Освежившись, Марк оделся, позавтракал куском хлеба, запил его водой и пошёл на службу. Идти было недалеко, и Марк наблюдал, как просыпался этот великий город. Лавочники начинали открывать свои лавки и стали зазывать покупателей. Первыми открылись хлебные, возле них уже стояли «булочницы» – самые дешёвые проститутки в Риме. Их лица были намазаны белой мукой. Марк никогда не прибегал к услугам проституток. Он был для этого слишком брезглив. У Марка иногда случались короткие романы с замужними женщинами, но вот Лукреция заняла в его жизни некое особое место, он даже пока не понимал, какое именно. Перешагивая через нечистоты, продвигаясь по очень узким, не более десяти футов улицам, он дошёл до здания суда. Марк, начиная службу легионером, побывал в экспедиции в Дакии, затем принимал участие в персидском походе под командованием императора Диоклетиана, там он дослужился до звания центуриона. Марк не тяготился военной службой, но больше тянулся к знаниям, и поэтому решил перевестись в Рим, где он родился и вырос. В Риме он мог бы пользоваться услугами огромных библиотек. С помощью знакомых сенаторов знавших его отца ему удалось устроиться служить в преториат Рима, а это было даже повышением в должности. Марк считал, что ему очень повезло, оставаясь на военной службе, он мог читать и получать новые знания.

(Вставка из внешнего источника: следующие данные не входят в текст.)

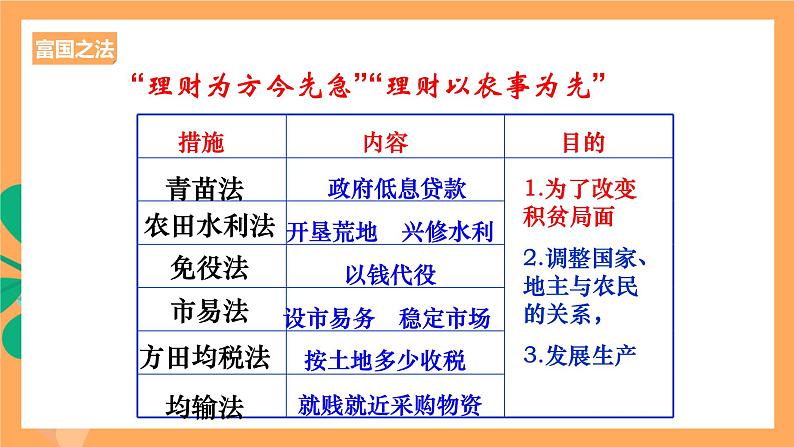 人教统编版高中语文必修下册 15.2 《答司马谏议书》 课件03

Приветствуя знакомых и здороваясь с незнакомцами, Марк прошёл на своё рабочее место. Он начал разбирать бумаги. В первой гражданин Рима сообщал, что прошлой ночью обнаружил у себя в доме грабителя с оружием в руках. Грабитель был убит на месте. Марк написал формулу решения дела для судьи, в соответствии законами «Двенадцати таблиц» гражданин Рима имел на это право. Далее ещё одно дело о дневном воришке. Марк опять написал формулу решения дела. Дневного воришку продать в рабство. Следующие два дела были более сложными, они касались имущественных прав граждан. Марку пришлось полистать законы и хорошенько подумать, но всё же он нашёл формулы для решения и этих дел. Бумаги были переданы судьям, и на этом его рабочий день был закончен. Марк зашёл к претору. Они были вместе в Персидском походе и оба стали центурионами, только претор Клавдий Валерий был старше Марка на пять лет и это собственно он и позвал его к себе на службу. Поговорив с ним по-приятельски некоторое время, Марк вышел на улицу. Лукрецию он сегодня не ждал, поэтому купив в лавке немного копчёного мяса, Марк направился к себе домой. Дома он освежил себя в бассейне, потом второй завтрак и Марк опять взялся за свитки. Как ни одна другая книга, книга «О природе вещей» заставляла его думать, он прочитал:
В те времена, как у всех на глазах безобразно влачилась
Жизнь людей на земле под религии тягостным гнётом,
С областей неба главу являвшей, взирая оттуда
Ликом ужасным своим на смертных, поверженных долу,
Эллин впервые один осмелился смертные взоры
Против неё обратить и отважился выступить против.